Kong
Snake Magnet - CD+DVD
Brew/White Drugs/Graphite 2009

On pourrait facilement attaquer ce groupe de Manchester par la face image. Par le DVD se logeant dans le confortable et épais digipack. Une ode au cinéma d'auteur. A faire passer Monty Python pour du Alain Resnais avec une touche des Sous-doués en vacances. Ca vous habille son groupe. Difficile de ne pas prendre Kong pour des cons après ça. Et les cons pour des Kong. Trois potaches continuellement déguisés. La tronche grossièrement déformée avec un masque transparent et un maquillage à la truelle comme le gus sur la pochette promenant son bourrin dans une fête exotique dans un pays où on sait encore s'amuser. Allez savoir où ces dégénérés de rosbifs ont encore été traînés leur sale flegme en vacances ! Des travellings en patin à roulettes à couper le souffle. Un huit clos avec leur mère digne de Cassavetes. Des séances backstage très fengshui et des dialogues de mongoloïdes centristes. A ce niveau là, ce n'est plus de l'absurde et de la dérision, c'est de l'art sans filet, de la bravoure donnée à des cochons.
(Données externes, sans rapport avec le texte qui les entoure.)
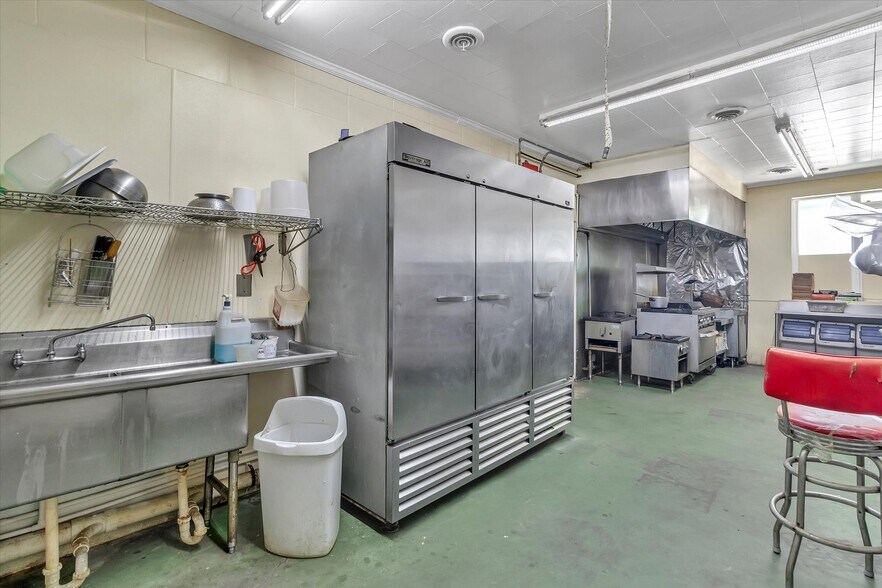 More Photos Of 9710 SC 260, Manning General Retail For Sale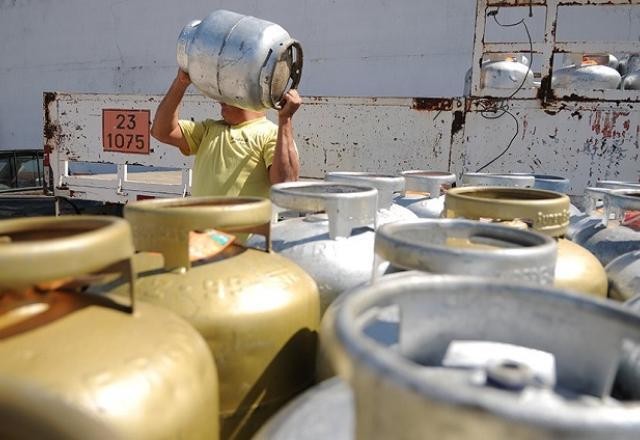 Imagem da noticia Senacon cobra distribuidoras sobre preço do gás após redução de 14% anunciada pela Petrobras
Et pourtant, Kong n'est pas la moitié d'un. Face musique, c'est tout le contraire. Il y a bien cette voix présentant des déficiences mentales, suivant un cours fluctant de terminaisons nerveuses allant de l'incohérent à l'exalté, du mélodique intense au chœur à deux mais la musique, cette baffe ! Et comme on est aussi la moitié d'un et que l'autre est maso, on tend la seconde joue avec plaisir. Kong, un trio en rappelant un autre, Oxes. Aussi bien pour l'esprit ludique de grands enfants attardés que pour la baston rythmique qu'ils imposent. La batterie est à ce titre complètement affolante. Limpide, déterminée et ardente (comme Fanny). Et puis un autre trio, McLusky. Dans leur facilité à accrocher l'oreille avec des morceaux drus, un (gros) poil certes plus complexes et longs (cinq minutes de moyenne) mais dont l'évidence s'impose toujours. Des compos comme Leather penny, Blood of a dove, Wet Your Knives ou Sport, c'est de l'or en barre et c'est valable pour les dix titres. Sauf deux. Good Graphics, placé en plein milieu des ébats. Instrumental tarabiscoté à l'électronique qui aurait pu être pris pour une respiration mais qui fait essentiellement travailler l'index afin d'appuyer sur la touche zapping. Et Long, le dernier, dont les huit minutes et la durée ont judicieusement fourni le nom. C'est une nouvelle fois l'esprit retors de Kong qui se manifeste. Le même plan, la même note, bloqués pendant un long vol immobile, le degré de l'adrénaline grandissante n'étant pas suffisant pour rendre intéressante l'explosion finale, et tout compte fait, contenue. Tout le contraire de l'opinion, qui lui, ne sera pas contenu. Snake Magnet hypnotise par sa force et sa roublardise. Un très beau pavé dans la mare noise-rock.